Caisteal Dubh nan Cliar, the Black Castle of the Minstrels, stands on the Ormsaigbeg shore. The coastline there is a low cliff broken by cuts down which small burns flow, places of wildflowers in summer. The ‘castle’ is sited beside one of these little glens, built against the western side of a natural rock outcrop which forms a small, steep-sided knoll, its flanks covered with rubble that has fallen from the structure. Historic Environment Scotland’s Canmore site – here – says, “its original form is uncertain, but it probably comprised a small two-storeyed tower of irregular plan measuring about 5.5m from NW to SE by 4.6m transversely.”

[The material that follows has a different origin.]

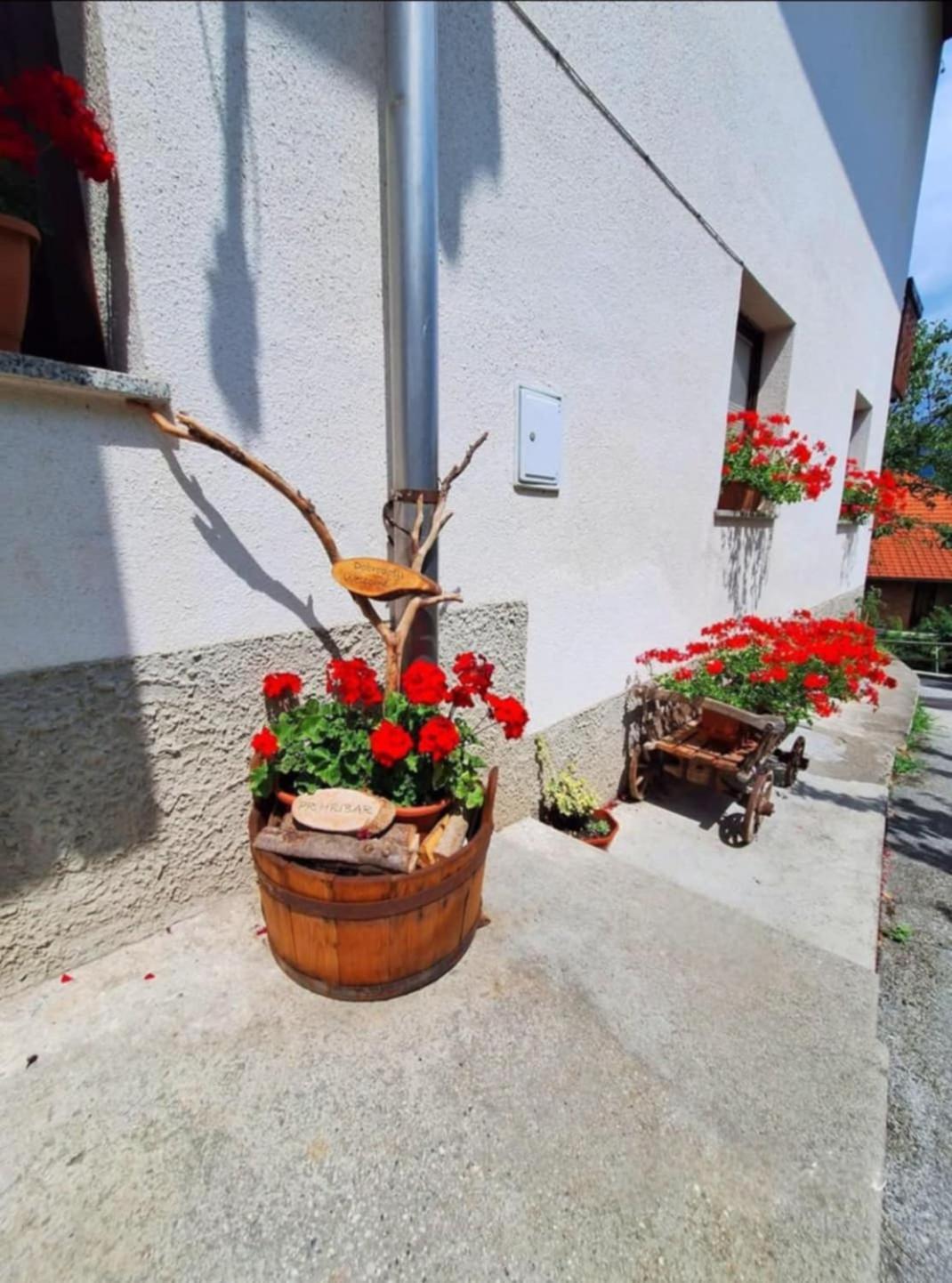 Pr' Hribar Apartment Zgornje Gorje Ngoại thất bức ảnh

This picture looks at it from the west, the side on which most of the stone walling was built. The purpose of the upper section of wall isn’t clear, unless it was to level off a platform on the top of the knoll. The lower wall to the left goes round onto the north side, and encloses….
….a low-roofed chamber. Its roof, much of it fallen, was formed of long, lintel stones or slabs, and its outer walls are still mortared in places. The Canmore site says, “This chamber measures about 3.1m by 2.2m and the roof, which comprises slab-lintels supported on corbel-courses, rises to a height of about 1.8m.” It continues, “In the SE wall there are the remains of a rebated entrance-doorway, which appears to have been secured by a draw-bar.” This isn’t there any more, having collapsed, though part of a mortared wall lies on its side.
This is a view of the inside of the chamber, showing both the quality of the stonework and some of the mortar.
The Canmore site continues, “All the masonry is of random rubble bound together by coarse lime-mortar. The age of this building is uncertain, but it may tentatively be ascribed to the 16th or 17th century. It seems too small to have been a permanent residence, and it is possible that it served as an outpost of Mingary Castle, securing the anchorage is Kilchoan Bay. In 1838 (New Statistical Account [NSA] 1845) it was described as ‘the remains of a very small tower, dignified by the name of “Castial due nan Clior”, the black Castle of the Minstrels.”
For several reasons, it seems an unlikely fortification. No more than two or three soldiers could have occupied it, and even they would have found life very cramped. Further, it is hardly in a good defensive position. It’s at the back of the beach, the cliff top to its immediate west directly overlooks it. Even if its function was simply as a lookout post, even from its summit, it doesn’t have much of a view. There are far better sites, at superior elevation and with sounder natural defences, within a short distance – for example, the cliff top at Maol Buidhe, at the SW end of Ormsaigbeg, which offers magnificent views across the Sound and as far west as Tiree.
MEM Donaldson had a much better suggestion. She wrote that the ‘caisteal’ might have been the “abode of some ‘minstrel’ of solitary habit” who, in celebration of his skills, called his place a ‘castle’. Whatever it is, it’s worth a visit, not least so you can form your own opinion.